As time goes along, people are pulled away from being connected to the unfolding saga in the greater New York area but others are drawn into a deeper relationship with what is going on. This yields current dichotomies such as:
- “I wanted to let you know that people here are asking me about Sandy and how people were impacted. They are truly concerned about all of you and, while they haven’t said it, I know that all of you who are impacted are in their daily prayers. They honestly don’t care the faith of the people who were impacted, they just care that people lost lives, dear ones, and homes.” An American in Palestine
- “having a rum and coke for my mom…because I don’t do fruit drinks” Midwest Pastor
Even in New York, people respond in different ways:
- Some need to be able to take a break to be able to sustain their efforts, but yet feel support form the connections all the different relationships provide: “I need to go off the grid for the night and decompress…God bless each and every one of you for keeping us in your thoughts and prayers.” New York Pastor
- Others look at bigger issues or even attempts to bring humor back into everything that is going on: “How can we have a ‘winter storm warning’ when it is autumn? Shouldn’t it be an ‘autumn storm that has winter-like temperatures, precipitation and wind’ warning?” Connecticut Psychologist
- Others realize that there are justice issues and that there is a lot of difference in our experiences of the recovery: “Lots of people still sitting in unheated houses in the dark around here, long after neighbors (like me) have had power restored.
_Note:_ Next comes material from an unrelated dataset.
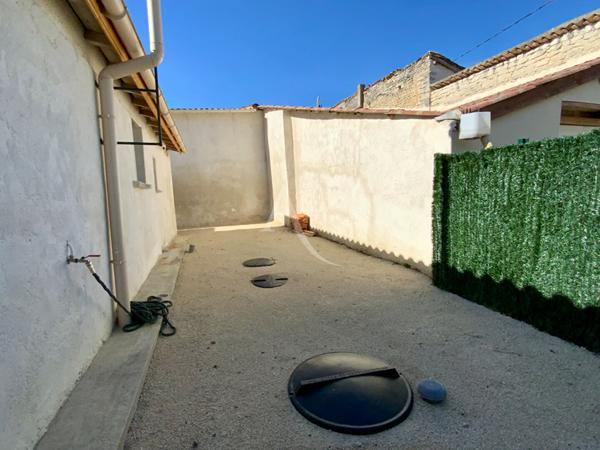 Maison Tugeras Saint Maurice 5 pièce(s) 104 m2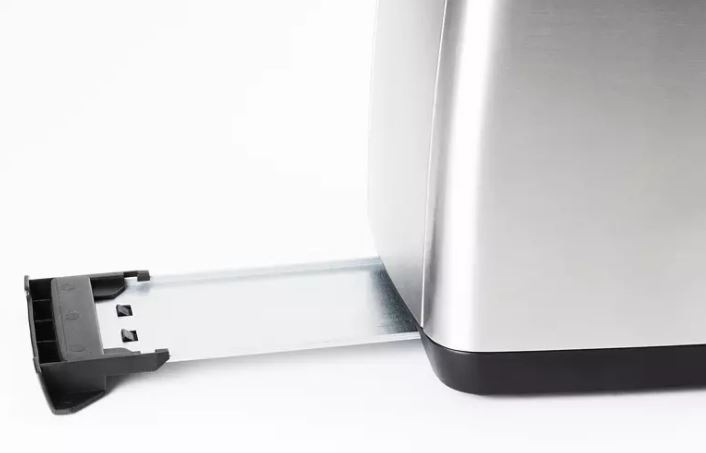 Produktbild Caso Inox4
Not fun when it’s snowing.” New Jersey Pastor
- Even others are getting angry at what is going on especially as they feel more and more isolated from the positive directions others are facing. And of course, there are those who are trying to find ways of getting ahead in the new realities “I wonder if I should use my nurse’s id to jump the gas line” New York Nurse.
We do live in a connected world. This world brings with it all sorts of new types of relationships, including ones that are much more significant for one side than the other. This makes it more important for us to think about who we need to call after the storm. Doing so, and keeping the relationships in perspective, can help us maintain peace and wholeness in our lives.